Dans notre société actuelle, le sexe tient une place centrale. Que ce soit dans les magazines, à la télé ou entre amis, la sexualité est le sujet incontournable face auquel nous devons tous faire bonne figure. Pourtant, le sexe n'est pas forcément synonyme de plaisir pour tout le monde, certains y sont même dépendants. Pas grave? Eh bien, si! Car les besoins sexuels n'ont rien de drôle si on les subit plus qu'on ne les jouit.
Pour ces accros du sexe - ou sex addict - faire l'amour n'est plus un simple moment de plaisir exquis, mais devient une souffrance physique et mentale. La dépendance est un signe d'un manque d'équilibre, une incapacité à gérer ses envies. Le sexe devient un besoin, un manque, une pulsion incontrôlable.
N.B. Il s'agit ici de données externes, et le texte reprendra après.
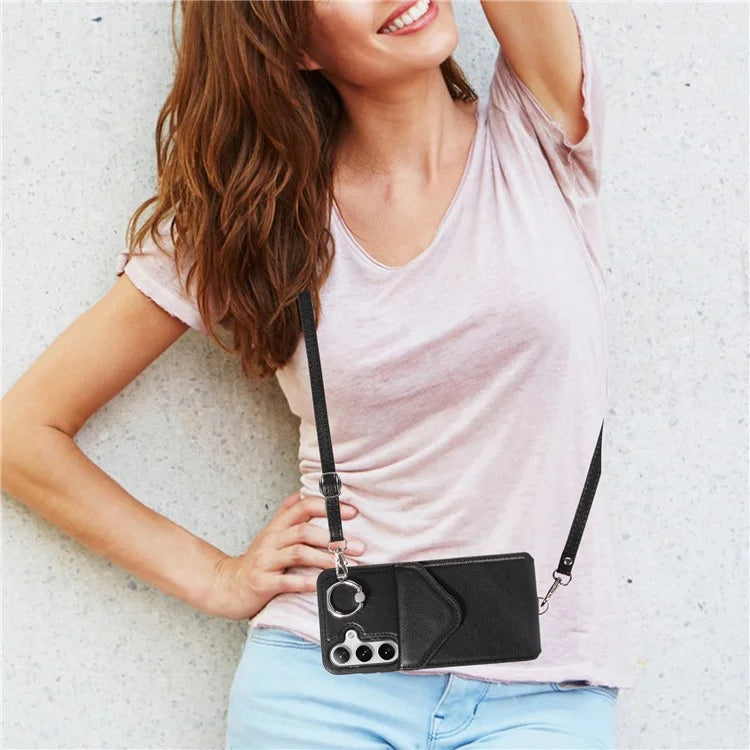 005 For Samsung Galaxy S24+ Case Anti-Drop Ring Leather+TPU Phone Cover with Shoulder Strap
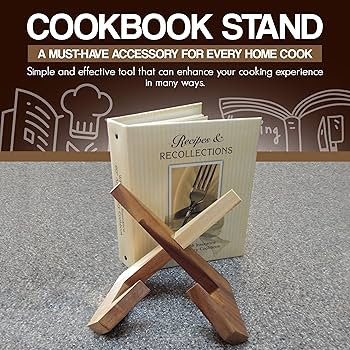 Acacia Cookbook Stand, Beautiful Cookbook Holder, Convenient Book Stand, Recipe Book Holder for c... | Amazon (US)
Les sex addict sont alors soumis à la peur du manque, comme les toxicomanes.
Comment devient-on sex addict?
Chaque cas est différent, mais il existe des raisons biologiques, psychologiques et spirituelles à cet état. Biologique car la personne ne recherche pas tant le coït final, mais plutôt la sensation générale de l'acte sexuel, en fait ce sont les endorphines qui lui procurent du plaisir.
Psychologique car la personne y trouve un substitut pour faire face aux aléas et au stress de la vie, comme d'autres fument, font du sport ou boivent de l'alcool. Enfin, spirituelle car la personne vit son addiction comme une religion, elle se trouve de bonnes raisons d'agir ainsi. Elle lui permet de se sentir en vie.
Les limites
Comment faire la différence avec une personne qui aime le sexe à haute dose? Le sex addict a besoin de sexe comme un fumeur a besoin de cigarette. Il cherchera donc par tous les moyens d'assouvir son manque. Si le (ou la) partenaire n'a pas envie de faire l'amour, le sex addict ne comprendra pas ce refus et réagira de manière disproportionnée.
Ces personnes n'osent pas parler de leur problème, elles ne s'en vantent pas, elles culpabilisent. Elles comprennent que ce comportement n'est pas normal et elles préfèrent le garder pour elle plutôt que de passer pour des obsédés. Du coup, un cercle vicieux s'installe: elles s'isolent, rejettent famille et amis et se concentrent encore plus sur leur besoin de sexe.
Evolution
Tout commence par une phase obsessionnelle où la personne pense sans cesse à l'acte sexuel. Petit à petit, la deuxième phase se met en place: le sex addict établit des règles, des rituels sexuels - un schéma à suivre jusqu'à l'acte - qui stimulent l'excitation et donc l'obsession. La personne n'arrive ensuite plus à faire l'amour en dehors de ce rituel. Il y a ensuite prise de conscience de l'obsession mais incapacité à en sortir.
La pornographie devient alors souvent essentielle - ainsi que la masturbation - car les sex addict comprennent que leur partenaire ne parviendra pas à assouvir ses besoins. Les films pornographiques confortent la personne dans son comportement et crée un monde irréel. Ils stimulent leur imagination, déjà fertile en la matière. Ils isolent encore plus la personne qui préfère vivre dans ses fantasmes plutôt que d'avoir une relation avec leur compagnon ou leur compagne.
Il est possible de se soigner, mais cela prend du temps comme pour toute forme d'addiction. D'autant que, comme les toxicomanes ou les alcooliques, les sex addict nient leur comportement, rejetant sur les autres les raisons de leur comportement. Il faudra bien sûr s'entourer de spécialistes des troubles sexuels, mais la guérison est possible, afin de se réapproprier son corps et son esprit et redécouvrir les joies du sexe, simplement.